| The
big freeze
ABCP:
Anatomy of a liquidity crunch.
By Marlene
K. Puffer, managing director, Twist Financial Corp.
Fixed
income markets have been in the headlines since mid-summer 2007,
with the spotlight on mortgage-backed securities, structured products,
corporate credit, and liquidity. The impact on Canadian institutional
investors who steered clear of U.S. Credit Default Obligations (CDOs)
or Structured Investment Vehicles (SIVs) has been mainly indirect
through the repricing of risk and mark to market valuation impacts
on other credit investments like corporate bonds.

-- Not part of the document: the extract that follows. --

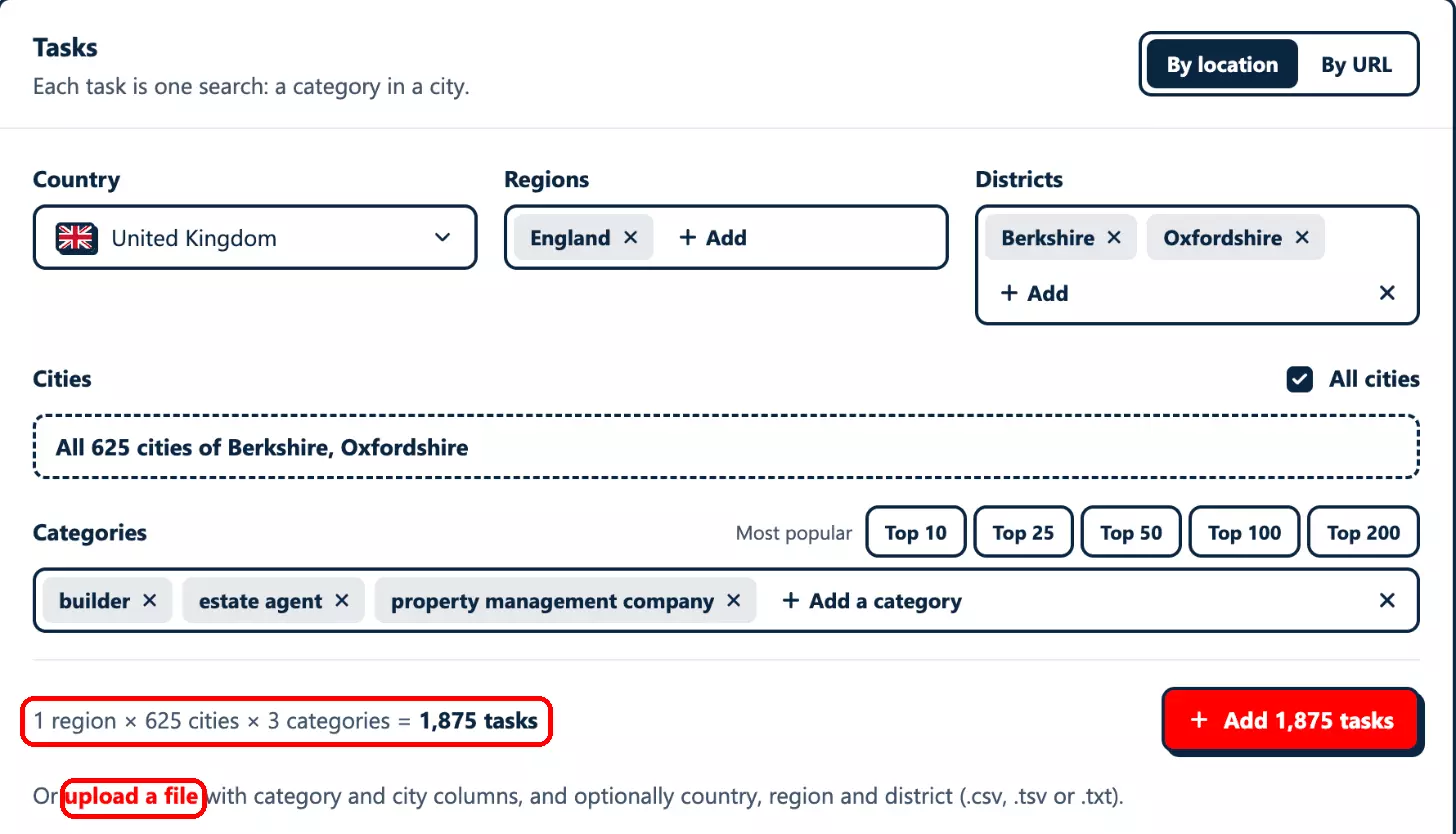 Google Maps Leads Scraper tasks: 3 categories (builder, estate agent, property management company) x 625 towns of Berkshire and Oxfordshire = 1,875 searches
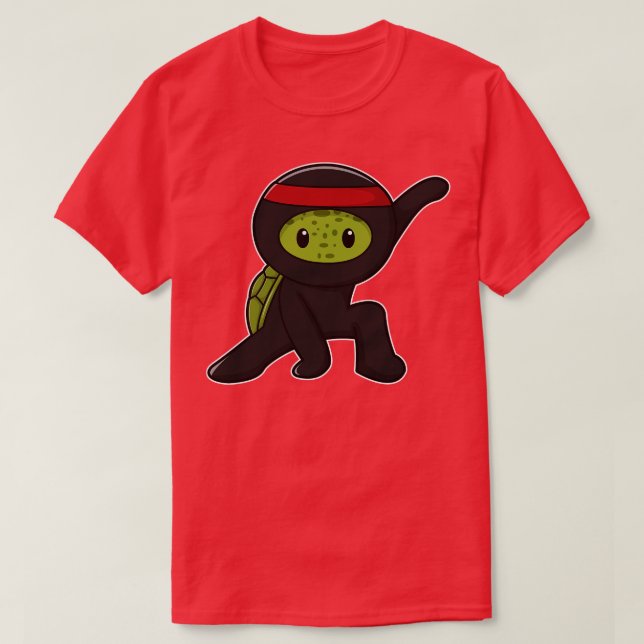 Turtle with Shell as Ninja T-Shirt (Design Front)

However, there
are many investors who have taken a direct hit and remain mired
in negotiations to sort through the mess in Canadian Asset-Backed
Commercial Paper (ABCP).
ABCP provides short-term funding to conduits (typically trusts)
that hold portfolios of longer-term (typically five to 10 years)
financial assets such as credit card receivables, prime and subprime
mortgages, and other types of loans, as well as CDOs, which themselves
contain financial assets and derivatives, often on a highly levered
basis. In this article, I explore the dynamics behind the ABCP market
and the role of the U.S. subprime market in creating the liquidity
problem currently facing Canadian investors.
The trigger for the global liquidity mess was rising defaults in
the U.S. subprime mortgage market. This was coupled with a lack
of transparency in CDOs and ABCP conduits. This lethal mix exploded
in fear and panic as investors worried that there could be more
subprime mortgages buried within structured investment products
that could lead to more defaults than they had previously anticipated.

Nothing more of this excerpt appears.